When I talk about “noise,” I also don’t mean to damn the totality of the coverage of the war so far. Media criticism is always subjective and vulnerable to overgeneralization, and this is particularly true when a story takes on wall-to-wall prominence; since October 7, I’ve seen a great deal of solid factual journalism, insightful analysis, and forceful opinionating. I certainly can’t endorse the idea—which I’ve heard from people on both “sides” of the conflict, for want of a much, much better word—that the coverage as a whole has totally privileged one perspective or only valued one set of lives, even if some of it has done so.

And yet there are some general incentives and pressures that shape the totality of how we experience a major story. It is these that have created what I mean by noise: the overwhelming of good information and analysis by—or at least its muddying with—bad information, manipulation, and an avalanche of takes.

Since October 7, social media barons (particularly Elon Musk) have taken much of the blame for this state of affairs, including in these pages: for taking platforms that were once essential during big breaking-news events (particularly Twitter) and allowing attention-seeking grifters to overrun them with spam and hate speech.

This is fair enough. But as Zweig and others have noted, it isn’t the full story.

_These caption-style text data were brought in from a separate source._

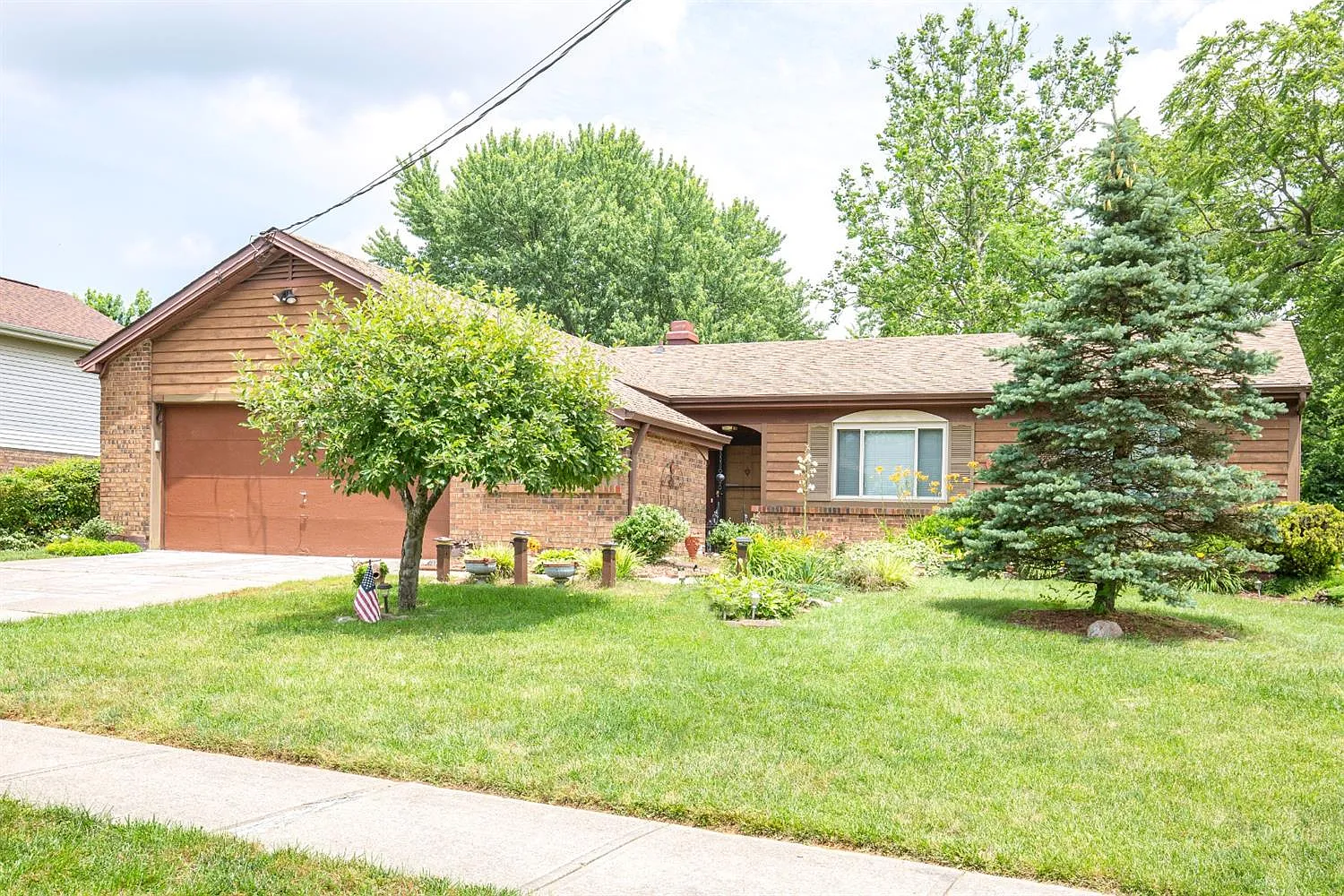 696 Woodgate Rd photo 1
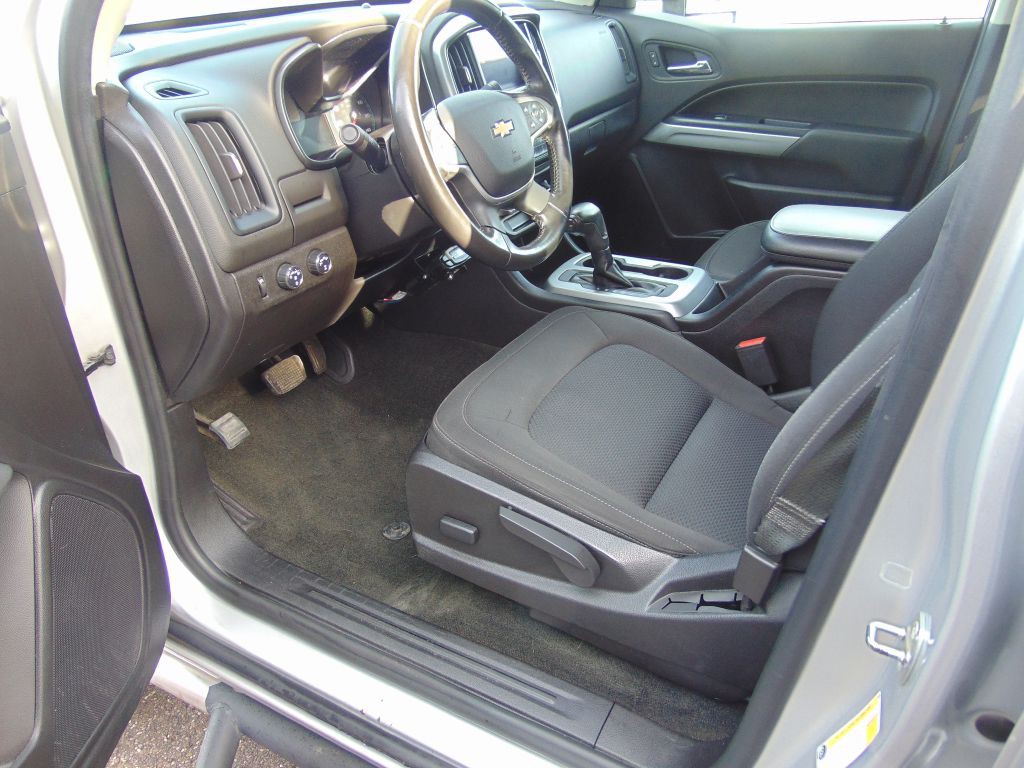 2019 Chevrolet Colorado Image 2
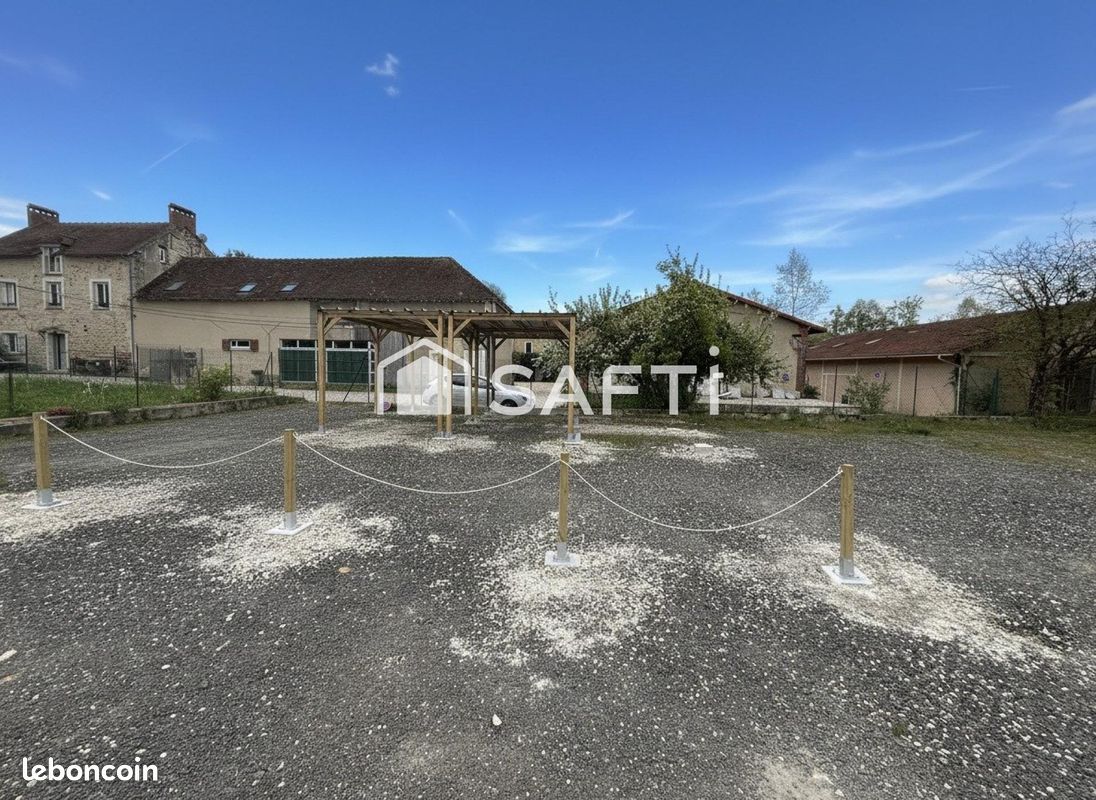 Parking 72 m² · à Vernou-la-Celle-sur-Seine · 72 m² · 30 000 €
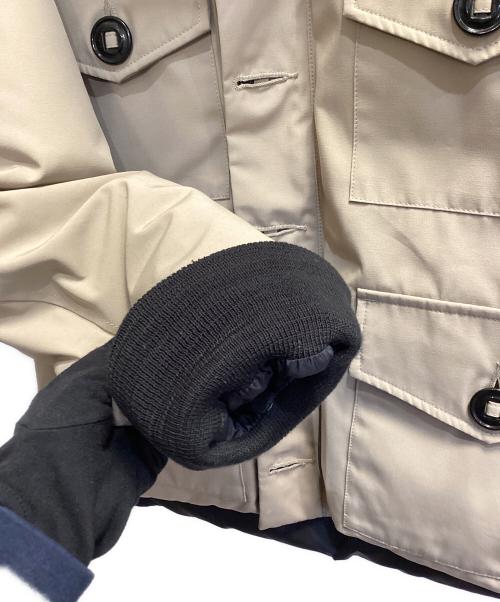 CANADA GOOSE（カナダグース）CANADA GOOSE (カナダグース) HAMILTON ダウンジャケット ベージュ サイズ:Sの古着・服飾アイテム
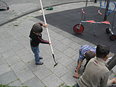 kinderen fotograferen de Regenboog.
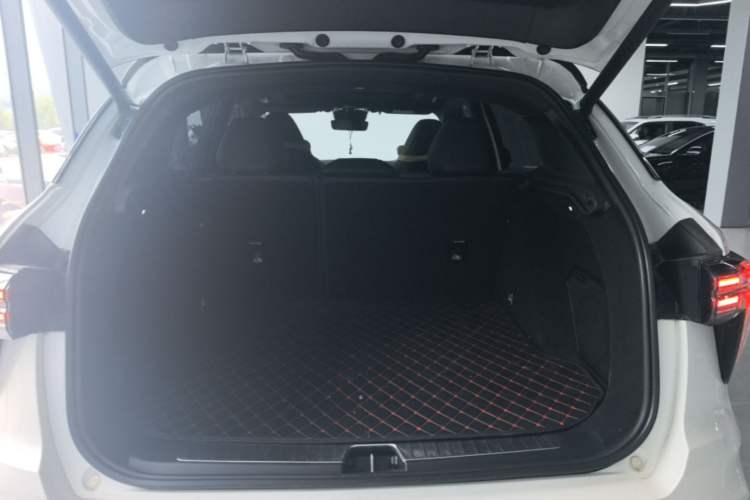 Used Lynk & Co 01 2023 2.0TD Four-Wheel Drive HypeHalo Trunk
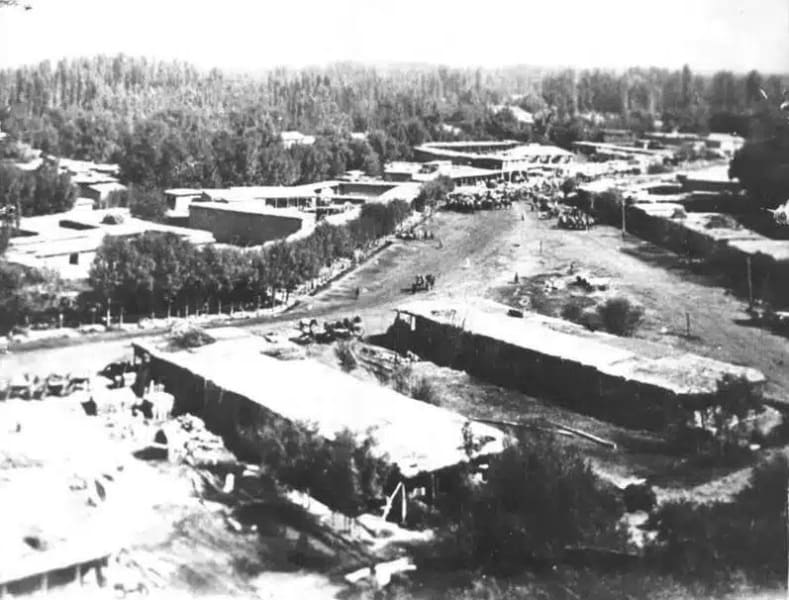 View of the Old City and the northern part of Shymkent (formerly Chimkent/Chernyaevsk) from the citadel. Panorama of the historic built-up area, the bazaar square, and the streets of the Old City. Second half of the XIXth century.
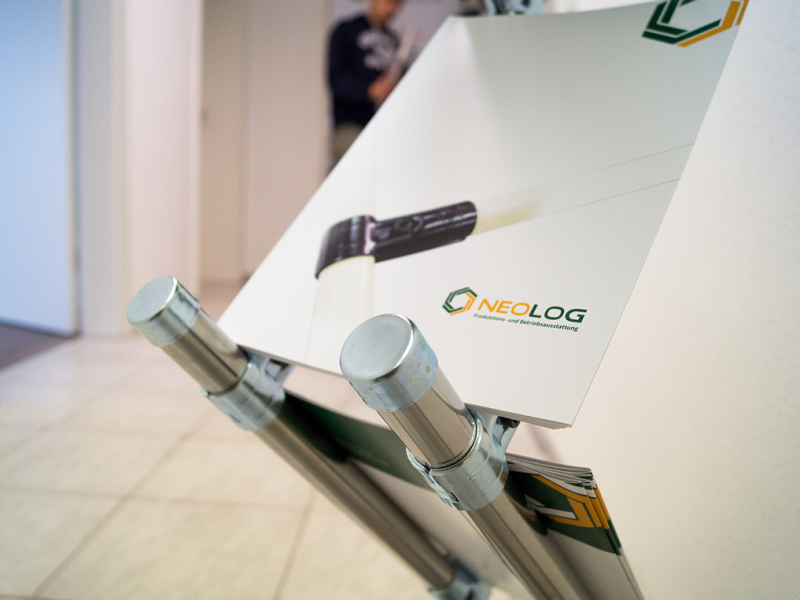 NeoLog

To the extent that I, personally, have had a hard time following this conflict through Twitter, it hasn’t been because my timeline has been flooded with rogue blue-tick accounts sharing out-of-date photos, but because helpful information has been wrestling there with the reflexive outrage of traditional media types whose views I typically want to follow. If this is a problem with social media, it is not a new one—and must be a problem with old media, too.

As the media reporter Brian Stelter once put it, the news media, like nature, abhors a vacuum. In one sense, the instinct to fill in gaps, tell stories, and minimize uncertainty is admirable and core to the journalistic spirit. But when good information isn’t available—or isn’t available right away—the vacuum must be filled with something. With this story in particular, the noise has rushed in, and the earliest or loudest noise has often risen to the top.

This isn’t only a problem because the earliest and loudest noise is often unreliable or misguided. Just as an overabundance of junk information has been described as a form of censorship—because it drowns out or undermines the credibility of accurate information—so, too, can noise abet silence.

This is particularly true when those whose voices we need to hear are rendered inaudible in the first place, as happened over the weekend with Israel’s apparent shuttering of communication lines in Gaza. By yesterday, internet and phone access in the territory had, at least partially, been restored, and outside journalists were finally able to check back in with their colleagues or contacts on the ground. Up to that point, doing so had been all but impossible, though a few messages did get through. The Washington Post was able to connect with Abdul Raouf Shaath, a photojournalist. He responded that Gaza was being “removed from the noise of the world.”